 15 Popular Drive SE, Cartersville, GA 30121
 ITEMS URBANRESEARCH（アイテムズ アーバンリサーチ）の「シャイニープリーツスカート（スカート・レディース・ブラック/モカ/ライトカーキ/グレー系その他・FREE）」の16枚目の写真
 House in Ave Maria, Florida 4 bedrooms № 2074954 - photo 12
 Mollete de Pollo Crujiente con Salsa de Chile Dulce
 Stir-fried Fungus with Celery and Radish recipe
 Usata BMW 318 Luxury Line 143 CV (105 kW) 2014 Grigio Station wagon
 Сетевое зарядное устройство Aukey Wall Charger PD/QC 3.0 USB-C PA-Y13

════════════════

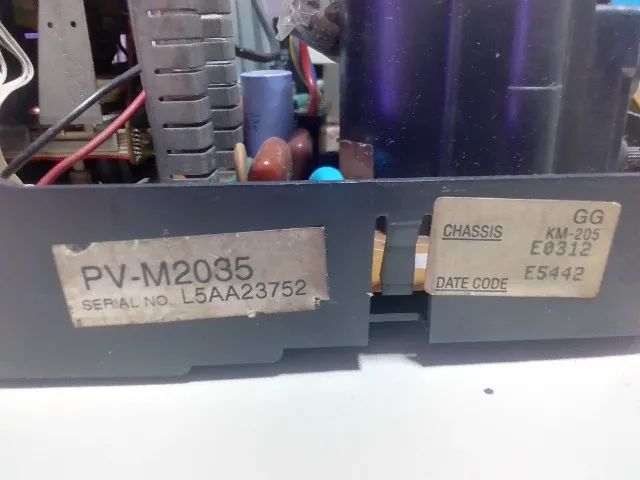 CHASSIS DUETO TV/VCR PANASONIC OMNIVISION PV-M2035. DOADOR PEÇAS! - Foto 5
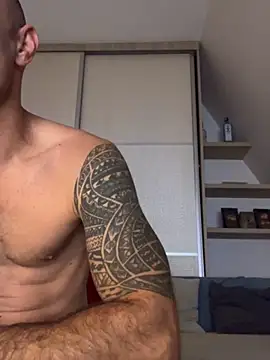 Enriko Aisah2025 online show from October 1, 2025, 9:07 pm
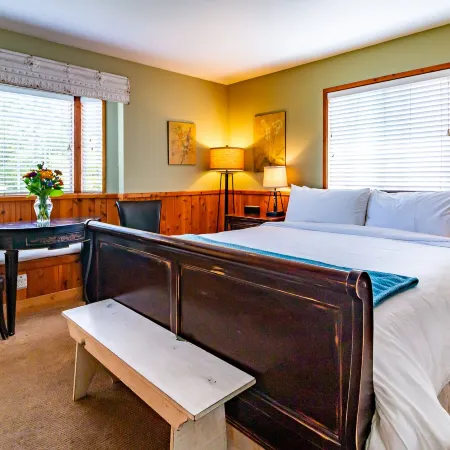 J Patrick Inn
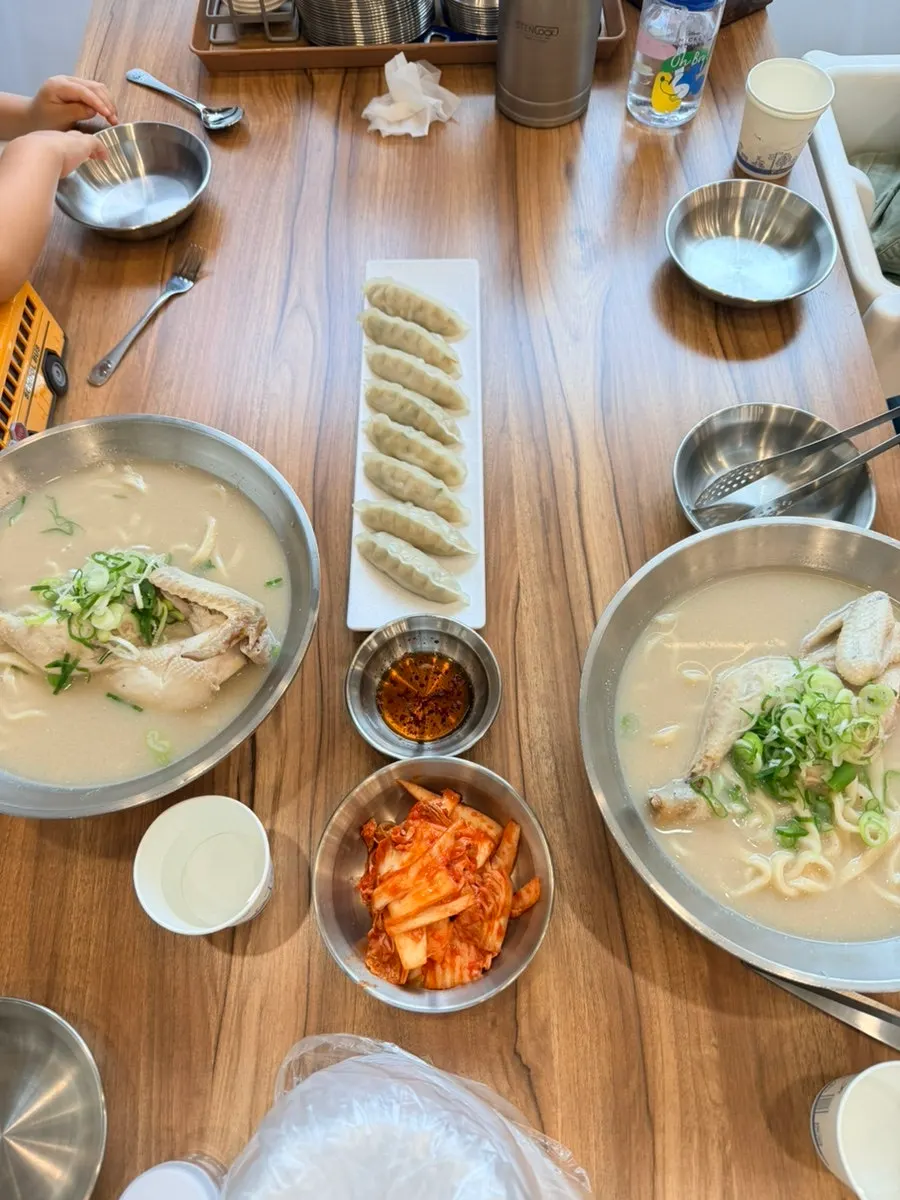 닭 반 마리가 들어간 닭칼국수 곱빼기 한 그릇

════════════════

▶ [Exercise description]: Copy the listing above exactly, but only from the line with "Enriko Aisah2025 online" through the line with "닭 반 마리가 들어간 닭칼국수 곱빼기 한 그릇", including those two lines and excluding any picture.

▶ [Answer to this exercise]:
 Enriko Aisah2025 online show from October 1, 2025, 9:07 pm
 J Patrick Inn
 닭 반 마리가 들어간 닭칼국수 곱빼기 한 그릇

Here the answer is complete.